***** Records provided
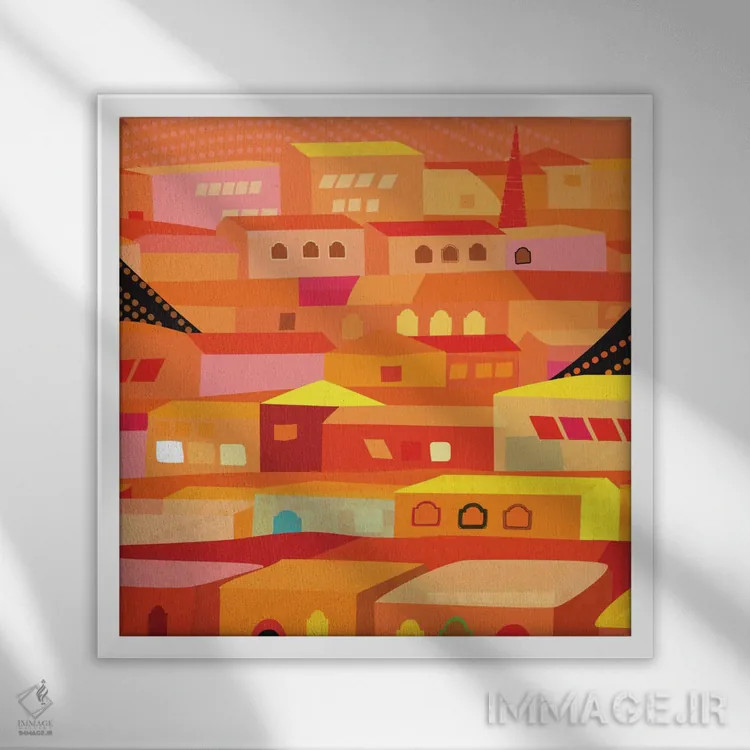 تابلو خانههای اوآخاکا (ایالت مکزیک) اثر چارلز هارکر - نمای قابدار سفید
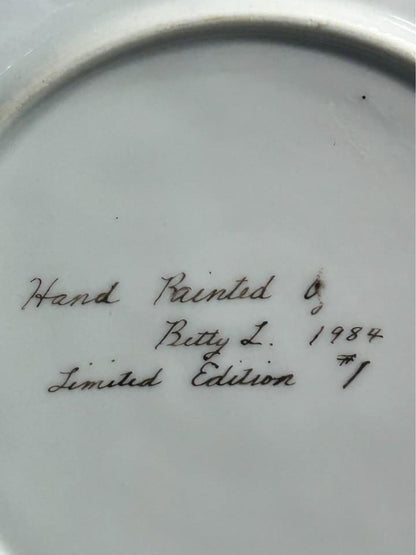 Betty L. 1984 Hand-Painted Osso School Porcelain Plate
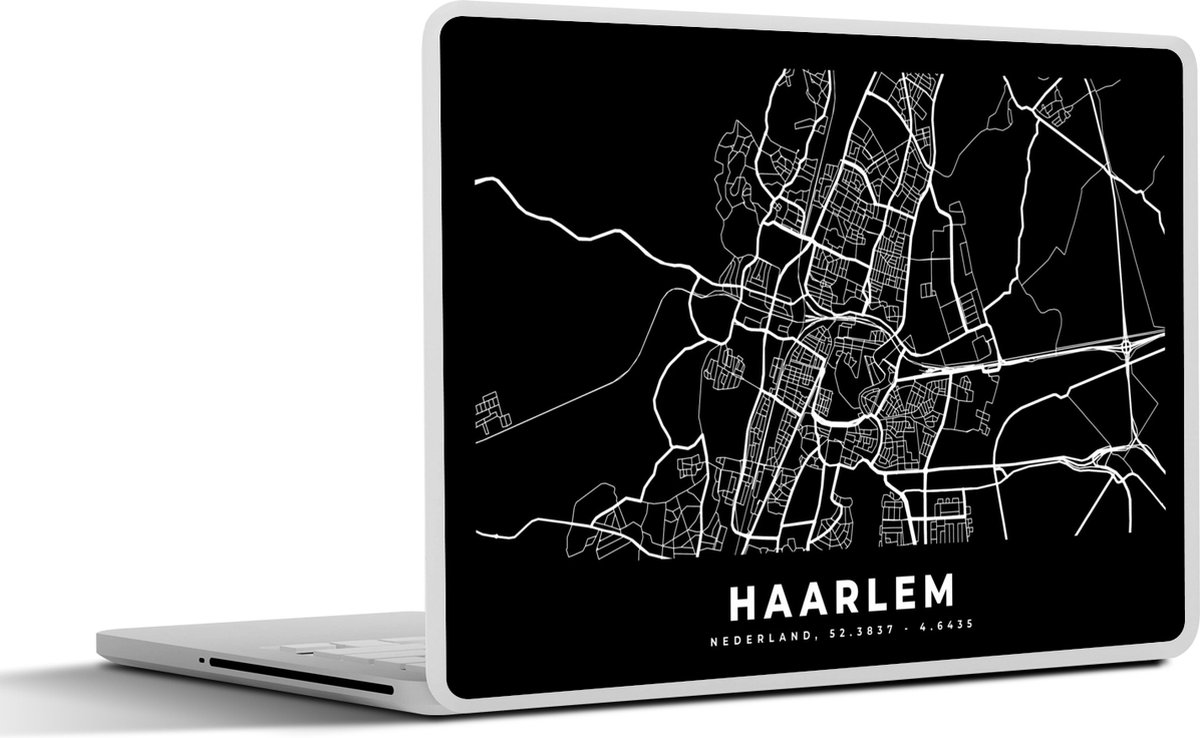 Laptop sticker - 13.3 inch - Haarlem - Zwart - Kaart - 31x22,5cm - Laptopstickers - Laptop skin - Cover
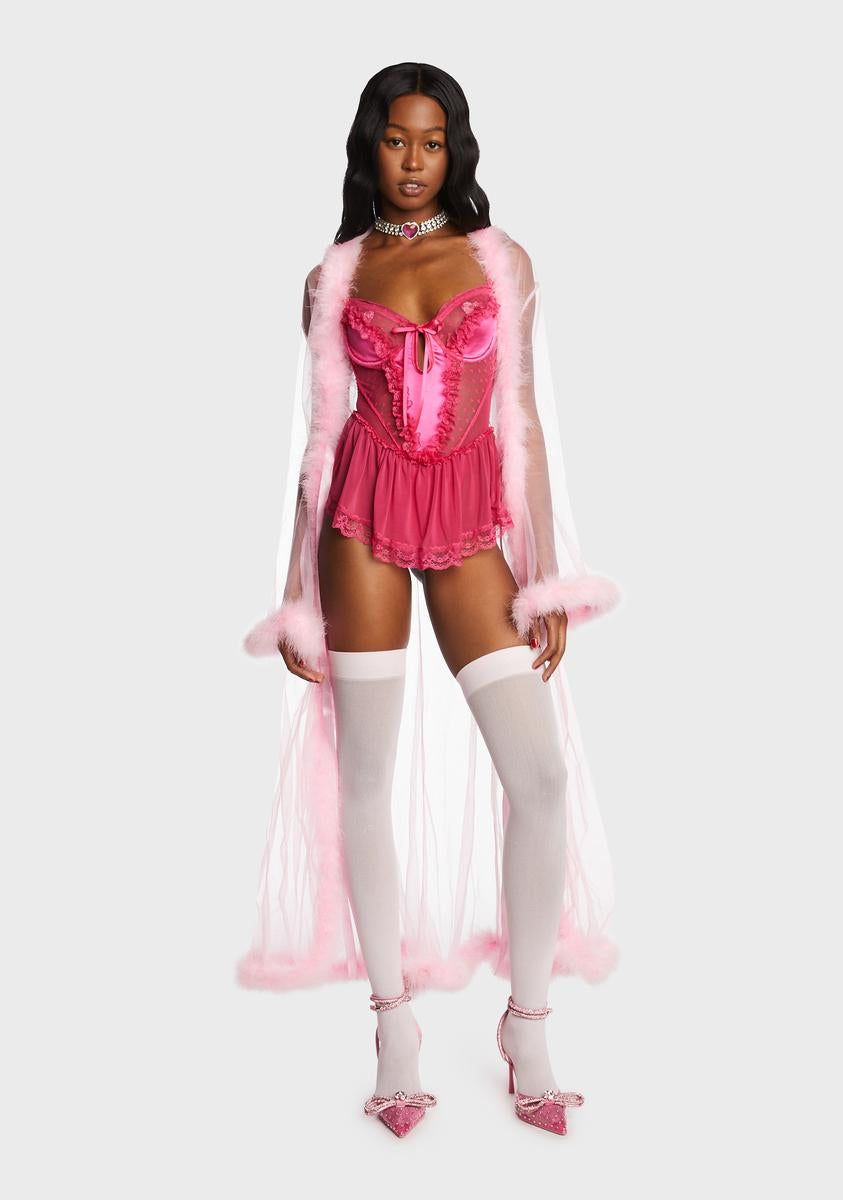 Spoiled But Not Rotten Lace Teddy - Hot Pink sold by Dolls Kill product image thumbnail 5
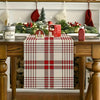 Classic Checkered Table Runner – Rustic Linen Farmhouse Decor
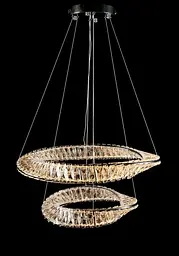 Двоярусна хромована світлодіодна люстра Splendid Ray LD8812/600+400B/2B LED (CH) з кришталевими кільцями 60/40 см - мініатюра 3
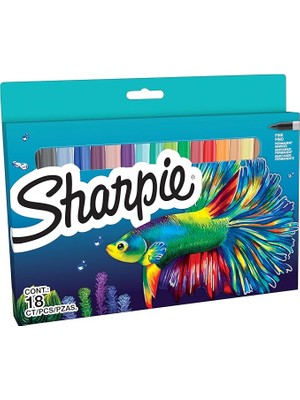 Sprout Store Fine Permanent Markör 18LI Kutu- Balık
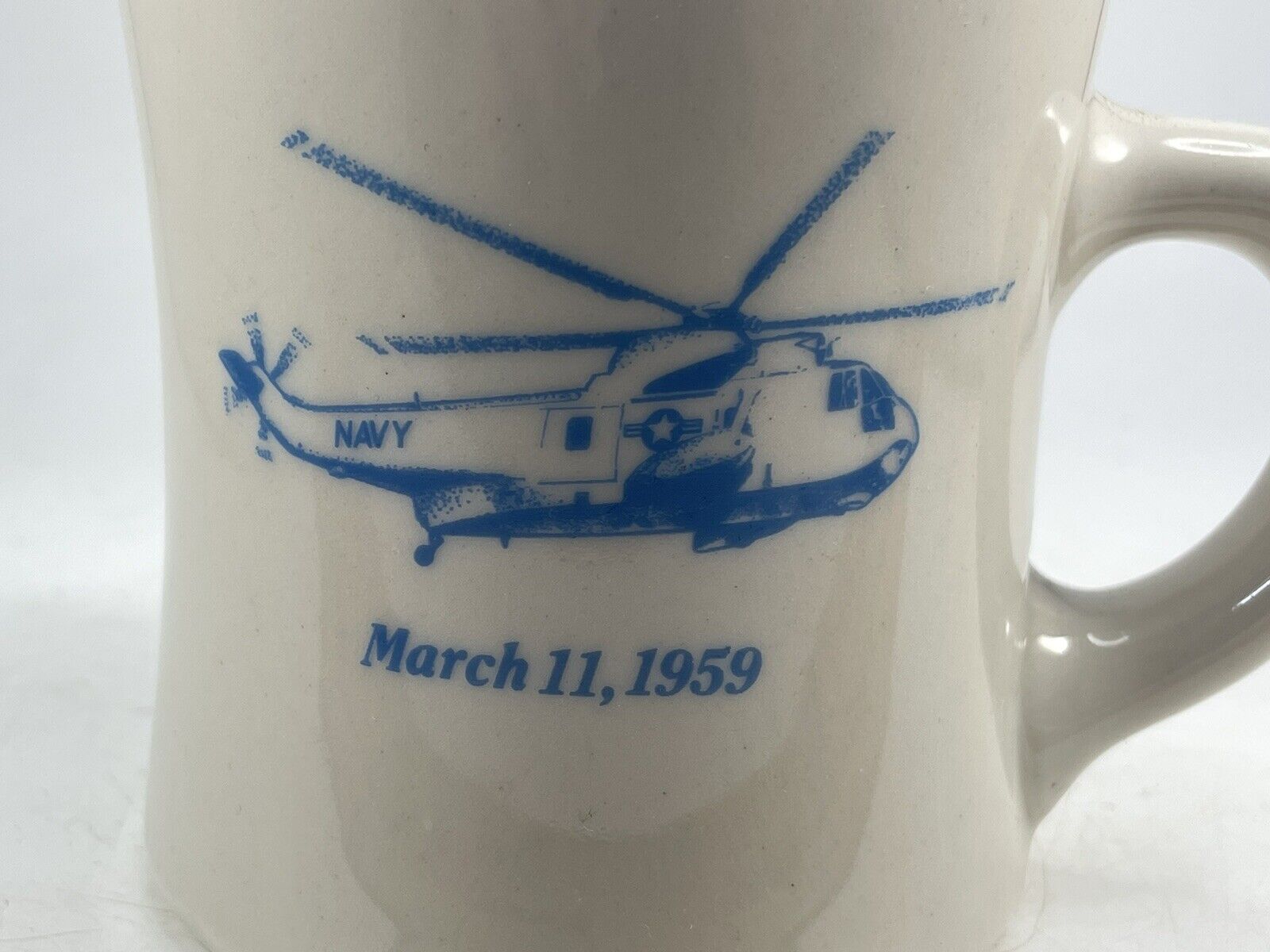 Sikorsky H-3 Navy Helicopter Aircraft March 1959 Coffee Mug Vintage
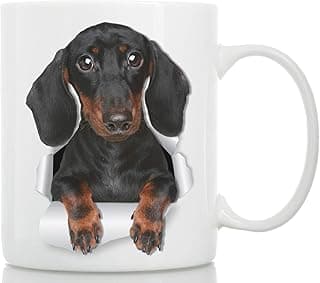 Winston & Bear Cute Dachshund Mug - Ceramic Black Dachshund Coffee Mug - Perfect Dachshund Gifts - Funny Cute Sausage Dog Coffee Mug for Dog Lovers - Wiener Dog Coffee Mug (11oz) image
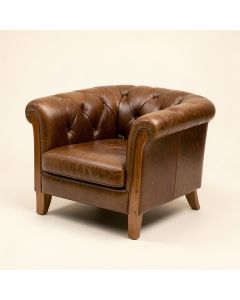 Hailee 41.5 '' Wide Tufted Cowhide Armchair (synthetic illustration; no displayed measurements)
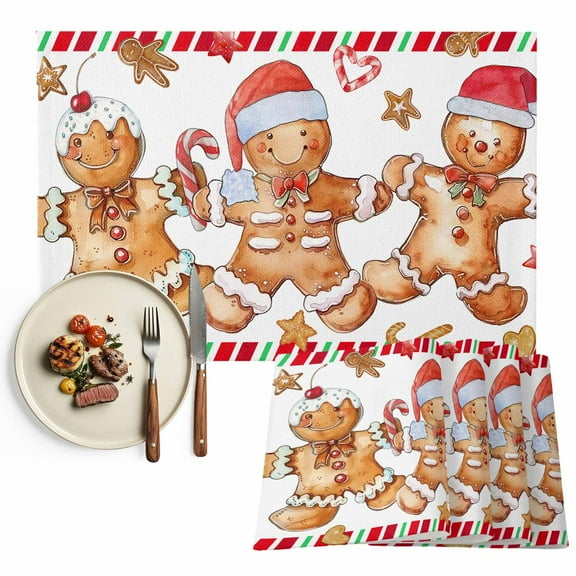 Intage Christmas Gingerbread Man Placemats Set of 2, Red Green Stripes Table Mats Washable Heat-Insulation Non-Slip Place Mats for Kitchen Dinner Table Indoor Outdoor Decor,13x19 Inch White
**********
→ Problem to solve: Your output must consist only of the lines from the line with "Sprout Store Fine" through the final line of the data, both included, reproduced exactly and free of pictures.

→ Solution below:
 Sprout Store Fine Permanent Markör 18LI Kutu- Balık
 Sikorsky H-3 Navy Helicopter Aircraft March 1959 Coffee Mug Vintage
 Winston & Bear Cute Dachshund Mug - Ceramic Black Dachshund Coffee Mug - Perfect Dachshund Gifts - Funny Cute Sausage Dog Coffee Mug for Dog Lovers - Wiener Dog Coffee Mug (11oz) image
 Hailee 41.5 '' Wide Tufted Cowhide Armchair (synthetic illustration; no displayed measurements)
 Intage Christmas Gingerbread Man Placemats Set of 2, Red Green Stripes Table Mats Washable Heat-Insulation Non-Slip Place Mats for Kitchen Dinner Table Indoor Outdoor Decor,13x19 Inch White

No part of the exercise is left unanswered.